OpenSSL feels like the same kind of "Linux fanboy" group that refuses to acknowledge that there is an entire ecosystem out there used by billions of people.
Not having official, digitally signed packages available on their own website is disrespectful to the millions of Windows system administrators that are forced to scrounge around the web looking for official packages.
Instead of one OpenSSL guy spending a few hours setting up a build pipeline in the cloud, scores of administrators have to go find C++ package managers, install C++ toolchains, and "build their own" OpenSSL instead.
This is one of the many reasons I steer clear of OpenSSL. This is a team that infamously wasted time maintaining support for big-endian(!) AMD64 processors, a platform that never existed, but apparently can't find the time to build a couple of DLLs for their second biggest user base.
That's what I've always felt, which is why I build my own.

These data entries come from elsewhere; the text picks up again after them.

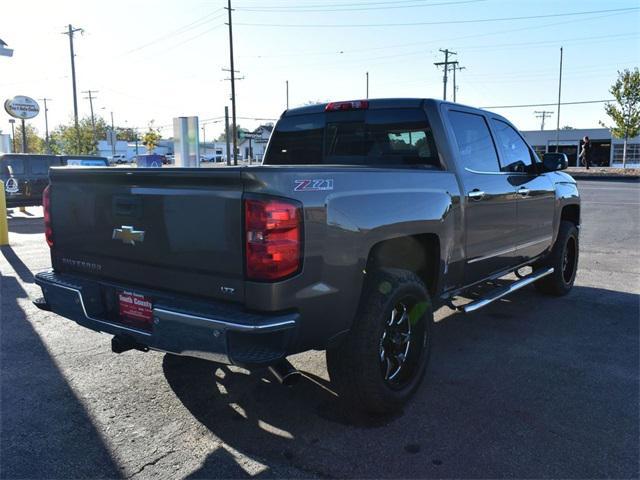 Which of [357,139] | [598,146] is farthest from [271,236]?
[598,146]

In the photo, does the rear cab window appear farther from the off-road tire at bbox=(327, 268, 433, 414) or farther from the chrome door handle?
the off-road tire at bbox=(327, 268, 433, 414)

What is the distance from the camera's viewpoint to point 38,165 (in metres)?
16.1

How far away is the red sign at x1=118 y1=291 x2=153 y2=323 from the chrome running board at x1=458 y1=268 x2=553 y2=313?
2.31 metres

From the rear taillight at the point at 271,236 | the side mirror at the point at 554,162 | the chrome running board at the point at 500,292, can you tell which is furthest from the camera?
the side mirror at the point at 554,162

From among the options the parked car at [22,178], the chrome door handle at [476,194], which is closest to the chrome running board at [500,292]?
the chrome door handle at [476,194]

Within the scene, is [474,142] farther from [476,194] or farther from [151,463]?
[151,463]

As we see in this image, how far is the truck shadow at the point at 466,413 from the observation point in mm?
2963

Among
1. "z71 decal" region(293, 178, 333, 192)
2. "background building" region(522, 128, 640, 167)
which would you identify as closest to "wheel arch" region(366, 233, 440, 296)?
"z71 decal" region(293, 178, 333, 192)

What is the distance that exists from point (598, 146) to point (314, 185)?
6663 cm

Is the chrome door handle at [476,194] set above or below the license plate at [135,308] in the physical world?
above

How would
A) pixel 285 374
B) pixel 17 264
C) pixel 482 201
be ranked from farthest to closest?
pixel 17 264 → pixel 482 201 → pixel 285 374

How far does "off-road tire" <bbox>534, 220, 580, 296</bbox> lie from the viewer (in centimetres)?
638

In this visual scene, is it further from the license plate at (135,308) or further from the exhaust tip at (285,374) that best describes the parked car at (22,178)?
the exhaust tip at (285,374)

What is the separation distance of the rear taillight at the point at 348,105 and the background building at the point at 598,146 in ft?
196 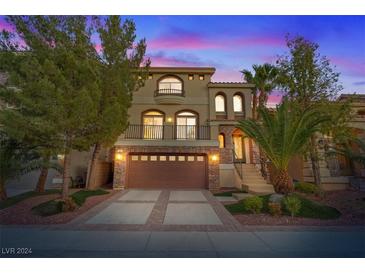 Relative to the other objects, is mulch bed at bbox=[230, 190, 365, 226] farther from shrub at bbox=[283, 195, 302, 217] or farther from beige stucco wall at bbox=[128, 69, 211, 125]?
beige stucco wall at bbox=[128, 69, 211, 125]

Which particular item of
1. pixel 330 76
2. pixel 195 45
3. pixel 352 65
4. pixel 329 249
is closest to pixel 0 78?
pixel 195 45

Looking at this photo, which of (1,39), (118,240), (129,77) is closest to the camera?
(118,240)

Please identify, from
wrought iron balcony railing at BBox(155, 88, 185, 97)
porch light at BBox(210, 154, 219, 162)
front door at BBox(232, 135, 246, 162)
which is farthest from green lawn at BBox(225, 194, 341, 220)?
wrought iron balcony railing at BBox(155, 88, 185, 97)

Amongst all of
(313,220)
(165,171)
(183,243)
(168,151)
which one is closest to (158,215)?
(183,243)

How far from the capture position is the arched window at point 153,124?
12.5 meters

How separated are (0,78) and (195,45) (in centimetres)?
1448

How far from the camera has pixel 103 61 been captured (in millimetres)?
8930

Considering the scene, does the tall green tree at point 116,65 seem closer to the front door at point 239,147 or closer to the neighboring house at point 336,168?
the front door at point 239,147

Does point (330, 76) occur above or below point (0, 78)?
below

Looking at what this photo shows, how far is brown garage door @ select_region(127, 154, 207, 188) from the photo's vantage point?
11.3 m

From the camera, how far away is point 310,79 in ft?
29.4

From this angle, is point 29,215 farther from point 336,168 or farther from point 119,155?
point 336,168

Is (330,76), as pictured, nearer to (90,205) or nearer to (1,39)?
(90,205) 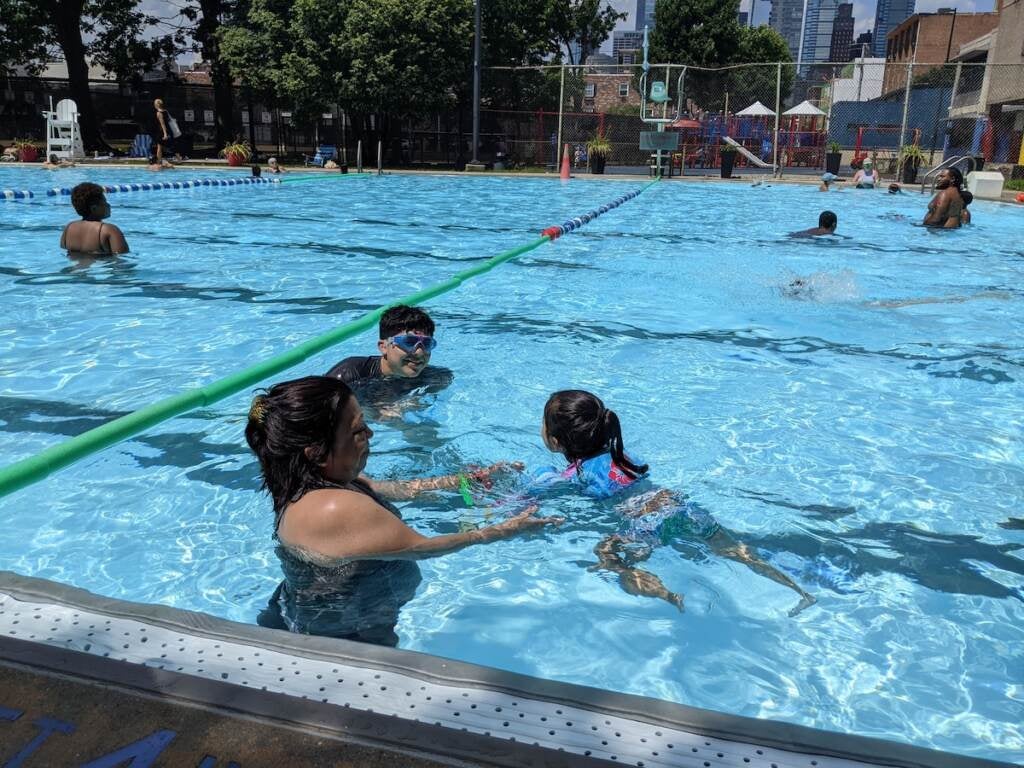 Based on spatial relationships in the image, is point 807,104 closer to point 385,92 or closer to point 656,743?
point 385,92

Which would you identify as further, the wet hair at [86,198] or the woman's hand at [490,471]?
the wet hair at [86,198]

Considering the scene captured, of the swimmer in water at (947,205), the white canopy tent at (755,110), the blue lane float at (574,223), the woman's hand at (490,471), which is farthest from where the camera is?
the white canopy tent at (755,110)

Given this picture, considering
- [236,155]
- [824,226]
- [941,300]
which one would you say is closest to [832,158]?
[824,226]

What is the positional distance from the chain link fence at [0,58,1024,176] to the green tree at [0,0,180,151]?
1.22m

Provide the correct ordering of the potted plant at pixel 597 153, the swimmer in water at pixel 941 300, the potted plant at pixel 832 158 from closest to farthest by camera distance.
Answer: the swimmer in water at pixel 941 300 < the potted plant at pixel 832 158 < the potted plant at pixel 597 153

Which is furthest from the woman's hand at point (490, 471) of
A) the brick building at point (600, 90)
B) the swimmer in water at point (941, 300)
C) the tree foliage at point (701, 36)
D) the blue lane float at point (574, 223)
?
the tree foliage at point (701, 36)

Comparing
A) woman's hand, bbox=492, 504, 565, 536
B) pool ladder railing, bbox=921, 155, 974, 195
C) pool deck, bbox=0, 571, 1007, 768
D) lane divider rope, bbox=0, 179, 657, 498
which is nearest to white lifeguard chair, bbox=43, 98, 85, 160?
lane divider rope, bbox=0, 179, 657, 498

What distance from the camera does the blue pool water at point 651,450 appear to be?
3.21m

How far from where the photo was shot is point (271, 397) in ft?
8.10

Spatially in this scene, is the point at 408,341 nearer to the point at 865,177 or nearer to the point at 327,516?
the point at 327,516

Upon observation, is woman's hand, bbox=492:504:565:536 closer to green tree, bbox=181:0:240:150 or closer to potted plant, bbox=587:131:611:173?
potted plant, bbox=587:131:611:173

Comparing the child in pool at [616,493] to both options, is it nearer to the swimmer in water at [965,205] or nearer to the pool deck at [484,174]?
the swimmer in water at [965,205]

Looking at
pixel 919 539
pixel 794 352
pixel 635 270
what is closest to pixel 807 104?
pixel 635 270

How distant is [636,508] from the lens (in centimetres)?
389
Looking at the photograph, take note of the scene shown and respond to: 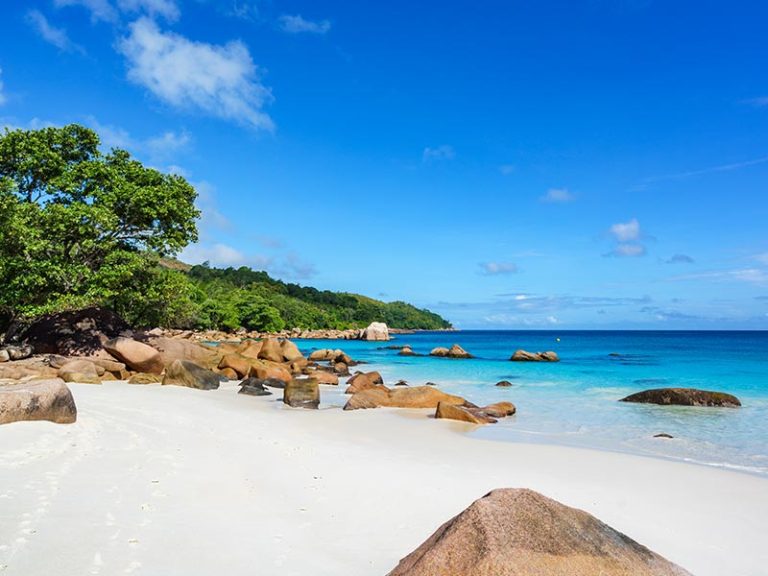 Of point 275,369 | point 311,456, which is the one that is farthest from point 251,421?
point 275,369

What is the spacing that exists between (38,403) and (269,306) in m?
85.8

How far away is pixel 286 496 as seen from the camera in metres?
6.13

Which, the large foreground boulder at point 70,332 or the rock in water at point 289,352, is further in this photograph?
the rock in water at point 289,352

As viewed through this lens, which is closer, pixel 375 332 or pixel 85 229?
pixel 85 229

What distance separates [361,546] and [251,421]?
7622mm

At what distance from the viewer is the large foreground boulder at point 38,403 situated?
845 cm

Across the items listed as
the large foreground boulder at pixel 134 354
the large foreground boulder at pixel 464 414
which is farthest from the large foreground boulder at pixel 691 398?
the large foreground boulder at pixel 134 354

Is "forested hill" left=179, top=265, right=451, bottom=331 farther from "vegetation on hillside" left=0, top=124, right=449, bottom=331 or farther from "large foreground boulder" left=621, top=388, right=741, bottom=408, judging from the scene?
"large foreground boulder" left=621, top=388, right=741, bottom=408

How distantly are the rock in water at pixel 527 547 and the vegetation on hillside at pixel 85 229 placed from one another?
19.7 meters

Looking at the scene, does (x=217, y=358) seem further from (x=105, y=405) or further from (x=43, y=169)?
(x=105, y=405)

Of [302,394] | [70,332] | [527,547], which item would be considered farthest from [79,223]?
[527,547]

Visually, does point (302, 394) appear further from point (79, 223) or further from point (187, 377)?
point (79, 223)

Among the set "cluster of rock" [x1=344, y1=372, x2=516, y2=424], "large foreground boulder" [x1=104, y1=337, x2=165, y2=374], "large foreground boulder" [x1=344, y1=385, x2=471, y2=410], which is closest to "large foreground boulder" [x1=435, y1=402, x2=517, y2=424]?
"cluster of rock" [x1=344, y1=372, x2=516, y2=424]

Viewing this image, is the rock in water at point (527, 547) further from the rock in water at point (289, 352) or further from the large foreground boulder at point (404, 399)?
the rock in water at point (289, 352) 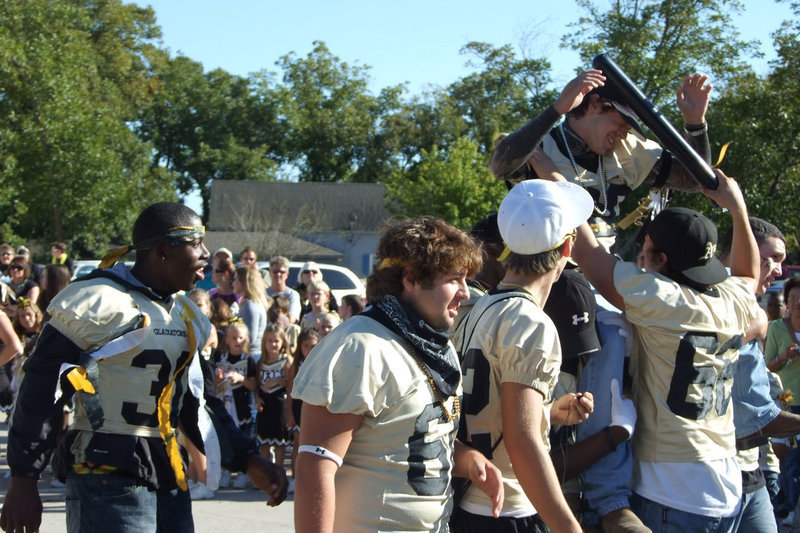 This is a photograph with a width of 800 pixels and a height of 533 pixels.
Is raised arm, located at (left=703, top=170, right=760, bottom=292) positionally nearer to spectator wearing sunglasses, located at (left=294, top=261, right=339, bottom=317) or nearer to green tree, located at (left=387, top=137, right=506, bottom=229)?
spectator wearing sunglasses, located at (left=294, top=261, right=339, bottom=317)

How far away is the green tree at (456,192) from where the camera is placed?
127ft

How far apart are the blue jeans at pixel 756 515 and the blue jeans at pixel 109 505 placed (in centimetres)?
243

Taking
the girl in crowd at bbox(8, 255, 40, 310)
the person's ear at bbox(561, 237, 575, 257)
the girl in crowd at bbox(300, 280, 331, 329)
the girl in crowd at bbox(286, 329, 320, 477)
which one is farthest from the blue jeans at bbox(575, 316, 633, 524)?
the girl in crowd at bbox(8, 255, 40, 310)

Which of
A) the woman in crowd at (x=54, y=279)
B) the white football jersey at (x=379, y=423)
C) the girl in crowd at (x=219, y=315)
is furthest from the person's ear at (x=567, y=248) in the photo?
the woman in crowd at (x=54, y=279)

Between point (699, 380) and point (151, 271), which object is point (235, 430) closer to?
point (151, 271)

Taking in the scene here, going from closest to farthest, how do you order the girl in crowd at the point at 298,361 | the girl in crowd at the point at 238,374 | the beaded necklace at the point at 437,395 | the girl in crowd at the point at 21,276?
the beaded necklace at the point at 437,395 < the girl in crowd at the point at 298,361 < the girl in crowd at the point at 238,374 < the girl in crowd at the point at 21,276

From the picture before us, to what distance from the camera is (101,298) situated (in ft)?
10.6

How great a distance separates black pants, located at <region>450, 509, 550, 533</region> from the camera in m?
2.91

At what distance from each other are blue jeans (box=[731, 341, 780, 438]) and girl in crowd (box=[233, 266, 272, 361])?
5.76 meters

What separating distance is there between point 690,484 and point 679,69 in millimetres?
30163

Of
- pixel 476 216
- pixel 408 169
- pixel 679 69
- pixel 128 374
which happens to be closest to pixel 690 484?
pixel 128 374

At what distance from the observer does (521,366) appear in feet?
8.94

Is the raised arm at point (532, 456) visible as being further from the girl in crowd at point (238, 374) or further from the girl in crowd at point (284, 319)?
the girl in crowd at point (284, 319)

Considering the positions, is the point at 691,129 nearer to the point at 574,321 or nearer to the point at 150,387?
the point at 574,321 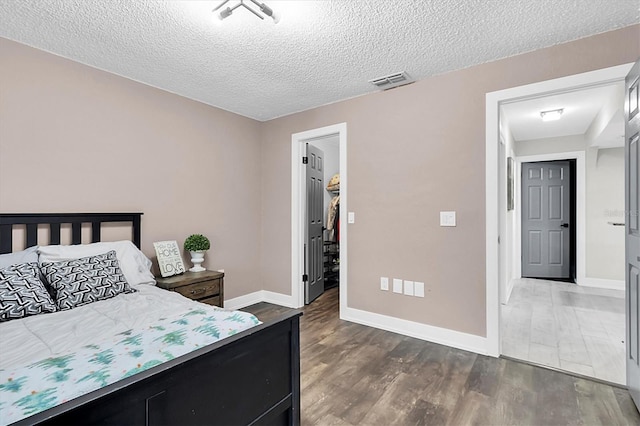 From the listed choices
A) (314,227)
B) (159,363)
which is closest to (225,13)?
(159,363)

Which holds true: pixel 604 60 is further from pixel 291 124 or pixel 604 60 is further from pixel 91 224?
pixel 91 224

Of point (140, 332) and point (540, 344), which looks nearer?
point (140, 332)

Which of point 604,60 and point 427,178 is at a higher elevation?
point 604,60

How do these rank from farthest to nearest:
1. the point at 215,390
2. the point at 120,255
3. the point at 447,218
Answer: the point at 447,218
the point at 120,255
the point at 215,390

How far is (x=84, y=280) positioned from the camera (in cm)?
209

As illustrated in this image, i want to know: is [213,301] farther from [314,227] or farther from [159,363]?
[159,363]

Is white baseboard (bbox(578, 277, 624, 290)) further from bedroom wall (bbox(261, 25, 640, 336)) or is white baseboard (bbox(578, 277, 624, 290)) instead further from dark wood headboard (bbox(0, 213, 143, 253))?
dark wood headboard (bbox(0, 213, 143, 253))

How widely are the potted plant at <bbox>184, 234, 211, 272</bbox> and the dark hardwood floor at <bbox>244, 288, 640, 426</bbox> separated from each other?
1415mm

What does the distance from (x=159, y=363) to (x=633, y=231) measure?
105 inches

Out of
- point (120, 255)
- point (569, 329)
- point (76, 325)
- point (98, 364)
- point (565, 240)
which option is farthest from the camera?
point (565, 240)

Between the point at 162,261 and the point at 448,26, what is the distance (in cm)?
304

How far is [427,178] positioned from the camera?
2.93 m

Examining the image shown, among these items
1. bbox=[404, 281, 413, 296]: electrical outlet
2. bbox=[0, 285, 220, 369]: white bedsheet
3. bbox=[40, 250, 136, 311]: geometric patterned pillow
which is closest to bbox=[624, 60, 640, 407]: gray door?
bbox=[404, 281, 413, 296]: electrical outlet

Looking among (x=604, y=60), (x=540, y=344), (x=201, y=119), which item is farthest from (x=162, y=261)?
(x=604, y=60) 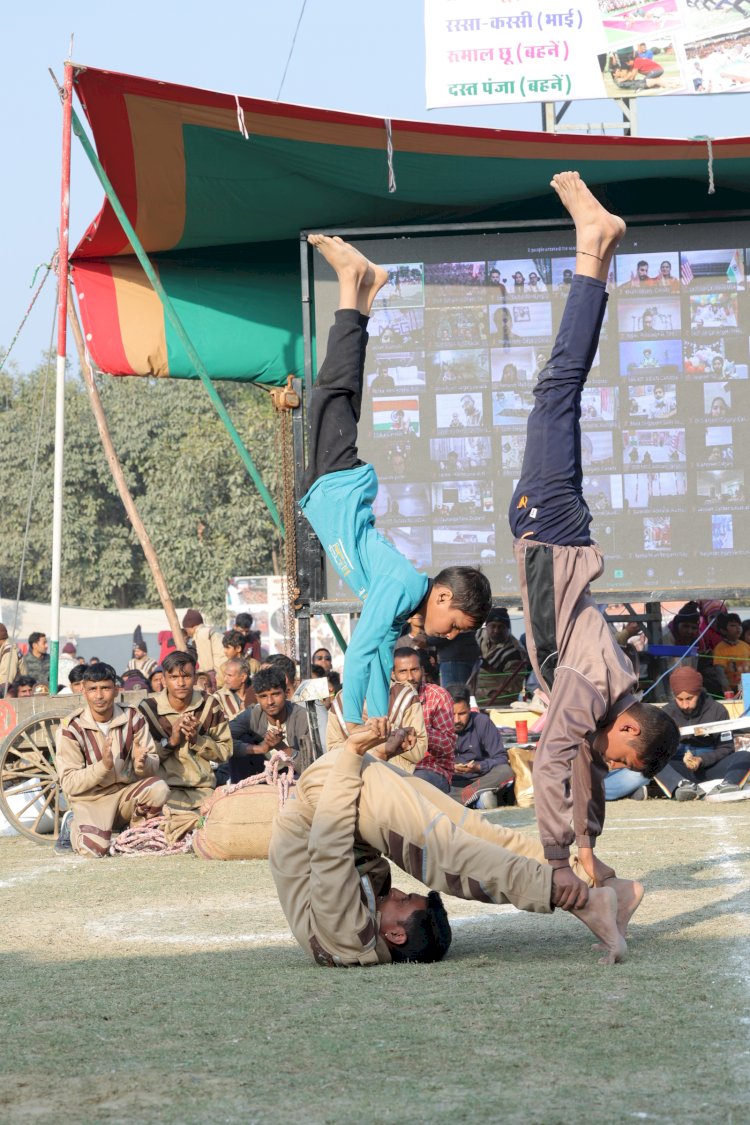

You can use vcpkg to build it locally from sources
> Various assembler optimisations to a number of different algorithms (e.g. AES-GCM, ChaCha20, SM3, SM4, SM4-GCM) across multiple processor architectures
With modern compilers, how often (or in what circumstances) is it worth "hand-rolling" assembler code versus just letting the compiler do it? Does one make the assembler 'from scratch', or perhaps let the compiler generate the assembler and have a human look at it to see if there are any places it can be improved?
I think cryptography is one of the few places where it makes sense to do that. Because:
* There's not that much code involved.
* Many CPUs have instructions specifically made for accelerating cryptographic algorithms.
* Security may have specific requirements from the code, such as not giving away any secrets through timing. This may require writing very specific, suboptimal code intentionally.
... and keeping critical pieces of code as much independent as possible from the very few grotesquely and absurdely massive and complex optimizing compilers is always a good idea.
It's very worth doing in this context ... almost all of the assembly I've written in the last ten years has been on routines like this. Compilers are very smart, but it's hard for them to optimize concurrent and interleaved cryptographic algorithms to be cache pipeline efficient and operation efficient at the same time.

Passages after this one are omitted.